Cette nuit au Stade de la Flèche, les acclamations de plus de 69 000 spectateurs dans les tribunes n’ont presque jamais cessé. Lors de la troisième journée du groupe J de la Coupe du monde 2026, l’Algérie et l’Autriche ont offert un match nul 3-3 sur la scène de la Coupe du monde — des buts à la chaîne, des retournements de situation fulgurants, comme un résumé télévisé en accéléré puis rembobiné sans fin.
Rythme du match : l’avance et l’égalisation se sont succédé
L’Autriche a ouvert le score en premier. À la 28e minute, Mark Arnautović a reçu une passe en profondeur de David Alaba et a marqué d’une frappe du pied droit rasante ; les supporters visiteurs se sont aussitôt levés. L’Algérie n’a pas paniqué : avant la pause, Rafik Belghali a entamé une incursion vers l’intérieur et a égalisé d’une frappe lointaine. Score à la mi-temps : 1-1, et l’ambiance dans les tribunes s’est ravivée.
Après le repos, le rythme s’est accéléré. À la 55e minute, Marcel Sabitzer, sur une passe de Konrad Laimer par la droite, a remis l’Autriche devant d’une frappe enroulée. Cinq minutes plus tard, Riyad Mahrez a frappé depuis la gauche sur une passe de Houssem Aouar, le score revenant à 2-2. À l’image, les joueurs en maillot vert avançaient vague après vague, étirant les lignes de passe, comme pour teindre la pelouse du Stade de la Flèche aux couleurs de leur propre stade.

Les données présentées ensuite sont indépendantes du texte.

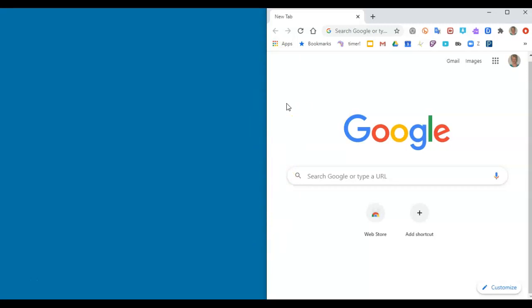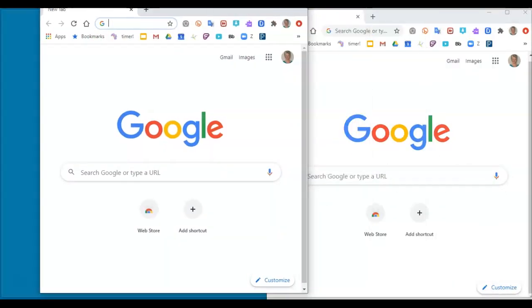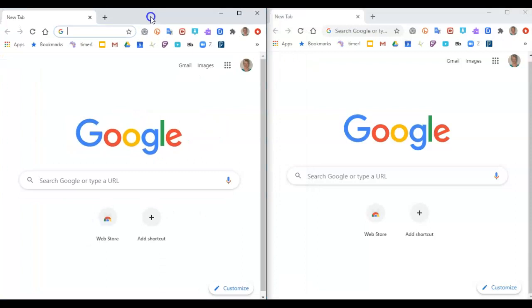On your keyboard, you hit Ctrl+N. Ctrl+N for new gives you a new browser window exactly the same size.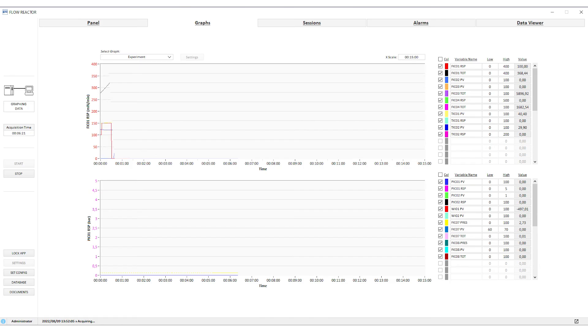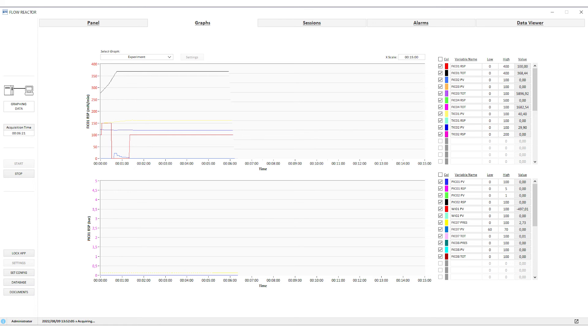All reaction variables and the amount of product produced can be viewed in real time and saved for further analysis.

Minute 90, encore Mahrez — toujours servi par Ounas, cette fois d'une poussée du pied droit, 3-2. Le coup de sifflet final semblait imminent, les images basculaient vers le banc algérien en pleine célébration. Pourtant, à la sixième minute des prolongations, Michael Gregoritsch en passe transversale, et l'entrée Sasha Kalajdzic dévie d'un coup de tête, 3-3. Un dernier toucher qui change le score : de l'exubérance au décompte, les deux équipes voient leurs émotions se miroiter sur la même ligne du temps.
Domination du ballon contre efficacité
Les statistiques dépeignent un match largement dominé par l'Algérie : 65 % de possession, 755 passes dont 94 % de réussite, 12 tirs ; l'Autriche 35 % de possession, 397 passes, 10 tirs. Le milieu de terrain fonctionne comme un horloger — Ramy Bensebaini, Nabil Bentaleb et Aïssa Mandi enchaînent les centaines de passes, et l'Algérie domine aussi au sol. Mais le blanc des centres (0/5) et l'irrégularité devant le but empêchent de convertir l'avantage en victoire. L'Autriche riposte par des transitions rapides, coups de pied arrêtés et jeu aérien ; 3-0 aux corners, l'égalisation en prolongation — la preuve qu'on peut être mortel avec moins de ballon.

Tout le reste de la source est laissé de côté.